Gostaria de finalizar com este registro de bordo do dia 30/03/2003, ainda no mês da sua estréia e um ano antes da grande travessia em 2004, que expressa a percepção do meu trabalho como palhaço naquele momento:

Hoje eu e Alexandre Luis Casali encerramos o ciclo de apresentações de Tataravó, cujo ponto de partida se deu no dia do meu aniversário 9 de março, atravessou o Festival de Rua do Aeroclube e continuou nos últimos dois domingos de março no Aeroclube. Eu e Xande criamos, ou melhor, nossos palhaços criaram Tataravó na base de muita apresentação, improvisação, relação com a platéia, uma estrutura que funciona bem nas praças do Aeroclube. Chegamos a ser contratados neste mesmo mês a fazer uma apresentação de Tataravó numa festa de aniversário no Pau da Lima.

Esta parceria está sendo ótima. Tezo e, sobretudo, Supertezo está crescendo muito. O trabalho de palhaço está mobilizando a minha energia criativa cada vez mais. Descubro universos de possibilidades de viver o clown, é como se Supertezo trouxesse consigo poderes ilimitados, de jogar o clown para fora, crescer o estado de clown. Supertezo é o meu clown dilatado ao máximo, grande, ele não é ridículo, mas super-ridículo, ele não precisa pensar porque ele tem poder de reagir super-rápido ou super-devagar. Estou aprendendo a partilhar com a platéia, com o parceiro e brincar com o meu clown ao mesmo tempo. Ou seja, percebo que para poder partilhar com a platéia preciso manter-me conectado ao mundo do clown, me enraizar no seu mundo e aí sim é possível convidar o espectador a entrar neste mundo. Um mundo de alegria, libertação, amor, fantasia, prazer. Tezo é erótico, mas Supertezo é super-erótico. Ele paquera muitas ao mesmo tempo e fica ligado nas suas paqueras durante a apresentação. Estas paqueras o mantêm com tesão de estar ali expondo o seu corpo, seus sentimentos, desnudando a sua alma, a sua presença. Supertezo pode tudo e quer tudo. Ser forte, ser poderoso, campeão, vencedor, ser super, mas todas estas super-qualidades não conseguem encobrir a sua super-fragilidade, seu cinturão é uma calcinha, a sua capa tem 8 metros, boa parte do tempo passa lutando para mantê-la voando, já ele, não consegue voar, ou melhor, ele voa sem precisar voar.

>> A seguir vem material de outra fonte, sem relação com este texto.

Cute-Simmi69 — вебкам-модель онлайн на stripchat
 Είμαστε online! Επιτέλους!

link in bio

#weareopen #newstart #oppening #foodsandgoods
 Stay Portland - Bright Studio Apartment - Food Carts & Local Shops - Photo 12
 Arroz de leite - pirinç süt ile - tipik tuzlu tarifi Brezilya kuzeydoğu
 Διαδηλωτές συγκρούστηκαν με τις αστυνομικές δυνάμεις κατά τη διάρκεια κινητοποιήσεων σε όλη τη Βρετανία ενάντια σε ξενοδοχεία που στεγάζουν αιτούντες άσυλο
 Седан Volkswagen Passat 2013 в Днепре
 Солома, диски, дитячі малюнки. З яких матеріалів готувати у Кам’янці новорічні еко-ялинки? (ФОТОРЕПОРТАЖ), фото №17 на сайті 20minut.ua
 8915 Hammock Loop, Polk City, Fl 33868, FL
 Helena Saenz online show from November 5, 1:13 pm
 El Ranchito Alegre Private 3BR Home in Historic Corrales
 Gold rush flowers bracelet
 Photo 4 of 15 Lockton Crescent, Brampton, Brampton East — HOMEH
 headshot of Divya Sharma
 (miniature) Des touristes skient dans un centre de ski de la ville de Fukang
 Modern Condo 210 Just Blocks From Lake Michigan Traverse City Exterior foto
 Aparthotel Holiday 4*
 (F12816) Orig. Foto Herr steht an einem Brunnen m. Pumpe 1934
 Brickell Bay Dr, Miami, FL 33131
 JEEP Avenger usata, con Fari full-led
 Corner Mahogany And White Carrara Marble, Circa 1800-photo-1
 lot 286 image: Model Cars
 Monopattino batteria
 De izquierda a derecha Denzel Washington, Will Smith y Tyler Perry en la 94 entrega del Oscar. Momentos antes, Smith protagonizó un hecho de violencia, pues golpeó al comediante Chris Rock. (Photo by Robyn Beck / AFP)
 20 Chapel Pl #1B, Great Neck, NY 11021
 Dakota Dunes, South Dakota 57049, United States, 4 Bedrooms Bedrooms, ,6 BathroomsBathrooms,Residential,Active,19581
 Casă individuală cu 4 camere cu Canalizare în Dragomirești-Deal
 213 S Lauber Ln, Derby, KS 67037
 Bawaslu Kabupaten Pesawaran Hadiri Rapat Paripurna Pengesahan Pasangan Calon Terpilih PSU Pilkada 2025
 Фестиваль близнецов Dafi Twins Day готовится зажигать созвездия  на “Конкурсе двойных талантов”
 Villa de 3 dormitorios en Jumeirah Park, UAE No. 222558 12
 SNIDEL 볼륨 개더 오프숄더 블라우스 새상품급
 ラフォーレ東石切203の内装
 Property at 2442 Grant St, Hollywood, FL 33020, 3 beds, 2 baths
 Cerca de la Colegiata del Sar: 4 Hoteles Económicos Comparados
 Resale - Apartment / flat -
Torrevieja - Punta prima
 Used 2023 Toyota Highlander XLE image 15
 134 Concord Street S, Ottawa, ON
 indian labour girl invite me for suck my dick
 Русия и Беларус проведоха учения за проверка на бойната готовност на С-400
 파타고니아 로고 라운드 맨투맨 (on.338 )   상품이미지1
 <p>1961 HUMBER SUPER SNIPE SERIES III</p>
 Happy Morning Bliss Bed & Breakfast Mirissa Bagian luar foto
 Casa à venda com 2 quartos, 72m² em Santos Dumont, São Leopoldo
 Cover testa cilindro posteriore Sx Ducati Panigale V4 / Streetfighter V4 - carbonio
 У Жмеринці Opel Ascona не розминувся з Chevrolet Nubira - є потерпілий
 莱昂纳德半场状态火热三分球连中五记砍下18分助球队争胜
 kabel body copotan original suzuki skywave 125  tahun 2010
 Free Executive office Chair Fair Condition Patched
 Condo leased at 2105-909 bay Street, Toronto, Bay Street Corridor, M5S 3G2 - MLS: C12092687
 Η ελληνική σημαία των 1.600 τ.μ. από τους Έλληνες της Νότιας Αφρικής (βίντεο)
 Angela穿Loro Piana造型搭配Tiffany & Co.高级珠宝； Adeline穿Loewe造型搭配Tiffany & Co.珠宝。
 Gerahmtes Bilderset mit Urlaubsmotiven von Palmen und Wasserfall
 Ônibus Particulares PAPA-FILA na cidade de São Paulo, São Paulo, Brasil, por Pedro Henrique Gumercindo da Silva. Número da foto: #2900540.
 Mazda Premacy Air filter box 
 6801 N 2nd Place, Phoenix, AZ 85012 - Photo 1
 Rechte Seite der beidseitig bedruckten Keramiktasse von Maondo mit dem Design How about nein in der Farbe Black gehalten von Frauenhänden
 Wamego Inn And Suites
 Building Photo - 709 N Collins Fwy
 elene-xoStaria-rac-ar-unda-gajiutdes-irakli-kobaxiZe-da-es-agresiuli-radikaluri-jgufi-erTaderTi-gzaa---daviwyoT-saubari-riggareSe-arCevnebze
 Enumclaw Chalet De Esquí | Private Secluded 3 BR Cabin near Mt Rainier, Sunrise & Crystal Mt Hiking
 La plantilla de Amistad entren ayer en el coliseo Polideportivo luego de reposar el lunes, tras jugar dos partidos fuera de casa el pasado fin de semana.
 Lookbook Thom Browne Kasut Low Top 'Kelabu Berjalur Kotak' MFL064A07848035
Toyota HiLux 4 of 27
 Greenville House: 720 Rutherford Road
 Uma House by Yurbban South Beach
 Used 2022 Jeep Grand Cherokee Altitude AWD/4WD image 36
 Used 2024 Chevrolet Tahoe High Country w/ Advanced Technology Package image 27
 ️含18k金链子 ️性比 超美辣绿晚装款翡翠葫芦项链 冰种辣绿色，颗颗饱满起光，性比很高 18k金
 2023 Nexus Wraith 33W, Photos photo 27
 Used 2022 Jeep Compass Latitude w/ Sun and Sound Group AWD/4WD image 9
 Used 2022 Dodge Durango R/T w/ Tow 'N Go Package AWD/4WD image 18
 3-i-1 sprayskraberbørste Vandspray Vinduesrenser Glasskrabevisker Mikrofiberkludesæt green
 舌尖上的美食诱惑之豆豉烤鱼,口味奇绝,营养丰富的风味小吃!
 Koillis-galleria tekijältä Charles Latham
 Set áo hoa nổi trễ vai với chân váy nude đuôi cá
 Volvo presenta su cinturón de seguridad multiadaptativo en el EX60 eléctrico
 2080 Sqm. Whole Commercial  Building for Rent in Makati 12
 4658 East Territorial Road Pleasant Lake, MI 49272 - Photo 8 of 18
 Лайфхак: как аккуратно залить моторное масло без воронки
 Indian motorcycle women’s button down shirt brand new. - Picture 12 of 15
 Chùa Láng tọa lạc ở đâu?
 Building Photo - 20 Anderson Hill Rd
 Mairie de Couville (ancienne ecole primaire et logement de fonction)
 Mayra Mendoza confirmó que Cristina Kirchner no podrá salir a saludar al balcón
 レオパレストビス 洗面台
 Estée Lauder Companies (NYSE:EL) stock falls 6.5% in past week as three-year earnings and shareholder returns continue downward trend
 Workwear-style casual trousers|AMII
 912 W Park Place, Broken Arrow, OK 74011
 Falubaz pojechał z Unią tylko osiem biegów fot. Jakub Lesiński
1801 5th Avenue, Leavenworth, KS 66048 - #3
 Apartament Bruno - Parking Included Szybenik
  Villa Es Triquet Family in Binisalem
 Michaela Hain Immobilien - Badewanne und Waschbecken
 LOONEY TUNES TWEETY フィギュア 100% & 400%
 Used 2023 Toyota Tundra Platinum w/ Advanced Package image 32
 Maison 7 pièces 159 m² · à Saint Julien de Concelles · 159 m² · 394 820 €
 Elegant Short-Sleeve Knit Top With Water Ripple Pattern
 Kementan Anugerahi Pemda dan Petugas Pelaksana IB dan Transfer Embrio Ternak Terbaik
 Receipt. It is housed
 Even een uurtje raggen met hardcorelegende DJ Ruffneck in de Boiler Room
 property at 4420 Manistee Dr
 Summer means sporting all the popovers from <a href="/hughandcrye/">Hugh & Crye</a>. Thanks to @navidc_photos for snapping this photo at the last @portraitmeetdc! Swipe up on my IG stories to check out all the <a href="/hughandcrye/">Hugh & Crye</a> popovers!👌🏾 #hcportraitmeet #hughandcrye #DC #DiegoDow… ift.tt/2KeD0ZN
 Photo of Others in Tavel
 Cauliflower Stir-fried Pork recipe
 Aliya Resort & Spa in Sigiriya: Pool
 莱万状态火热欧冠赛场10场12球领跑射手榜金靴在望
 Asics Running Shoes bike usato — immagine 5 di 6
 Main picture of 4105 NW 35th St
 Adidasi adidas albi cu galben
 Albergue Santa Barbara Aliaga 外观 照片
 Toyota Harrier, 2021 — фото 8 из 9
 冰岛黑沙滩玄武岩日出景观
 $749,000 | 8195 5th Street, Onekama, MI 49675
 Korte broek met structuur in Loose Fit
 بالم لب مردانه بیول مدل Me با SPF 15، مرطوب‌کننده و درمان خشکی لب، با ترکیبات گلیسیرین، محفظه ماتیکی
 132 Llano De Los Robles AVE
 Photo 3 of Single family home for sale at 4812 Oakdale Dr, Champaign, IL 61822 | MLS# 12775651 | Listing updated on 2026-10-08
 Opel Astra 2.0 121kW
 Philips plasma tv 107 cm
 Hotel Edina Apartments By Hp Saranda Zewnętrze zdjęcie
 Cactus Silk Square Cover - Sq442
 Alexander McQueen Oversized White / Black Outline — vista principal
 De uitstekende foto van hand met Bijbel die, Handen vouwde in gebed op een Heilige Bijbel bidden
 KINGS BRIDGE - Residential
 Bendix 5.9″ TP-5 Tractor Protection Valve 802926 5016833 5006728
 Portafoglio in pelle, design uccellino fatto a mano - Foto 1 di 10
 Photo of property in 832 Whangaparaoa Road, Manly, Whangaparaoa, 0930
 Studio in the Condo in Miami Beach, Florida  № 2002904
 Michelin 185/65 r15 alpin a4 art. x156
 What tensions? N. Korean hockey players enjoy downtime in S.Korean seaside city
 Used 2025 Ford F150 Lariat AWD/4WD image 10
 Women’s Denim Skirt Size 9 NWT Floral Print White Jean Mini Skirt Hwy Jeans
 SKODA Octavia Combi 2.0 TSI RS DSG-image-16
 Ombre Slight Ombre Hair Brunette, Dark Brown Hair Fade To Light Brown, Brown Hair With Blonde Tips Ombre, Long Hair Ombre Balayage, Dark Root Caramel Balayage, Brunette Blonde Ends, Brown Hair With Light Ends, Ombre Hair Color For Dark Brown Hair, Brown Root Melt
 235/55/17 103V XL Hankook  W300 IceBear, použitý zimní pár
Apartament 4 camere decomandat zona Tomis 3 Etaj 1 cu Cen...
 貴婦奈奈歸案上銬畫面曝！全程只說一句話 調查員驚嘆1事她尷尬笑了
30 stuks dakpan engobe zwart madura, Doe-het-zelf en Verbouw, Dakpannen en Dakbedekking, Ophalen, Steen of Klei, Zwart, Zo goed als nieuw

Tataravó, apresentação no 19º Festival de Teatro de Rua Aurillac (França), 2004

Referências

BACHELARD, Gaston. O Ar e os Sonhos – ensaio sobre a imaginação do movimento. São Paulo: Martins Fontes, 1990.

BACHELARD, Gaston. A Poética do Espaço. São Paulo: Martins Fontes, 2003.

BONDÍA, Jorge Larrosa. “Notas sobre a experiência e o saber de experiência”, In Revista Brasileira de Educação. 2002.